Я же утверждаю, что изменить свое мировоззрение можно, только изменившись физически, телесно. Поэтому и докапиталистическое, антично–средневековое чувство тела, и послекапиталистическое, социалистическое (но только не в смысле западного либерализма, а в смысле все того же восточного абсолютизма) несравнимы с новоевропейской пошлостью абстрактных форм материализма, спиритуализма и логицизма. Вот, напр., греческие орфики не ели бобов ради чистоты духа, а евреи не едят свинины. Это мне понятно: у тех и у других бытие определяет сознание! Только абстрактный индивидуализм Нового времени, т. е. протестантизм, т. е. капитализм, убил это живое чувство тела как арены судьбы трепетно–напряженного духа и заменил его проецированием в опустошенную мглу мертвого мира — своих абстрактных построений и изолированных переживаний. Разумеется, к социальному телу производственных отношений неприменимы в настоящее время рецепты греческих орфиков и Талмуда. Но для нас экономика есть тоже подлинная и единственная арена социального духа, и она определяет судьбу и самого духа. Измените производственные отношения, тогда изменится и самый дух культуры. Нельзя влить в человека чужую кровь и — не изменить его психики. Для такого дуализма нет места в нашем мировоззрении.

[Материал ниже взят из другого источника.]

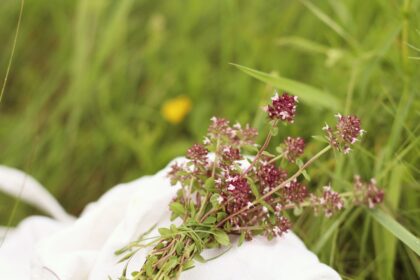 découvrez les bienfaits des remèdes naturels à base de plantes. notre guide vous propose des solutions efficaces pour soulager divers maux, améliorer votre santé et renforcer votre bien-être au quotidien grâce aux vertus des herbes.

Итак, подводя последний итог, я скажу следующее.
Для меня последняя конкретность — это саморазвивающаяся историческая идея, в которой есть ее дух, смысл, сознание и есть ее тело, социально–экономическая действительность. В процессе этого саморазвития последняя определяет первую сферу, но определяет не вещественно–причинно и не логически–дедуктивно, определяет не экономически, не этически, не психологически (и тем более не индивидуально–психологически), но физиономически–выразительно и символически–бытийственно. Покамест «сознание» не определилось «бытием», оно еще не имеет реальной судьбы. Но когда оно стало телом, оно зажило реальной жизнью; и этим только и определилась его окончательная судьба. Тело — выразительно, физиономично, символично для сознания и духа. Будучи абсолютным фактом в себе, оно, однако, имеет единственную функцию определять и манифестировать все затаенные глубины сознания и духа. В этом отношении если не самый диалектический материализм, который значительно отстал от революции, то сама революция была для меня великой фило–софско–жизненной школой. Революция гораздо богаче, интереснее, глубже, философичнее, величественнее ее схематических и часто устарелых теорий. Каждый мелкий чекист и деревенский комиссар одареннее и глубже целых тысяч скучных Дебориных и Аксельрод.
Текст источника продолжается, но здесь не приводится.